A single crystal was immersed in and coated with perfluoropolyalkylether (viscosity 80 cSt; abcr GmbH), and then mounted on a MicroMountTM (MiteGen LLC). Diffraction data of the single crystal were collected on a VariMax Dual single crystal X-ray diffractometer with PILATUS 200 K detector (Rigaku Corporation) at 93(2) K, using Mo Kα (λ = 0.71073 Å) radiation monochromated by multilayer mirror optics. Bragg spots were integrated using the CrysAlisPro program package (Rigaku Corporation). An empirical absorption correction based on the multi-scan method using spherical harmonics was implemented in the SCALE3 ABSPACK scaling algorithm. The structure was solved by an intrinsic phasing method on the SHELXT program79 and refined by a full-matrix least-squares minimization on F2 executed by the SHELXL program80, using Olex2 software package (OlexSys Ltd)81. Thermal displacement parameters were refined anisotropically for all non-hydrogen atoms.
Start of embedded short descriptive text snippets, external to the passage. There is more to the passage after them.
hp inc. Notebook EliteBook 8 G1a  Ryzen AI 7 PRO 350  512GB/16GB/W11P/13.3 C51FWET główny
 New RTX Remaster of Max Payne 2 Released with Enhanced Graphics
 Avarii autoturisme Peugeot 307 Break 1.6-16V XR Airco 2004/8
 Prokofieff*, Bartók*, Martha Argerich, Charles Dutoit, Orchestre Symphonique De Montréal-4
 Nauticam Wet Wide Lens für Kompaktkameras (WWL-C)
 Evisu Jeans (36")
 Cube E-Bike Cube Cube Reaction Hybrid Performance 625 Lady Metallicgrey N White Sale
All the hydrogen atoms except for those on C70, C100, C137, C145 of terminal methoxy groups were located at calculated positions and the parameters were refined with a riding model. The data were corrected for disordered electron density of crystal solvents in void spaces by using the PLATON SQUEEZE method82. The crystal structure is shown in Fig. 4b. Crystallographic data of [Rh414(dmso-S)4]2 are summarized in Supplementary Table 7 and Supplementary Data 2.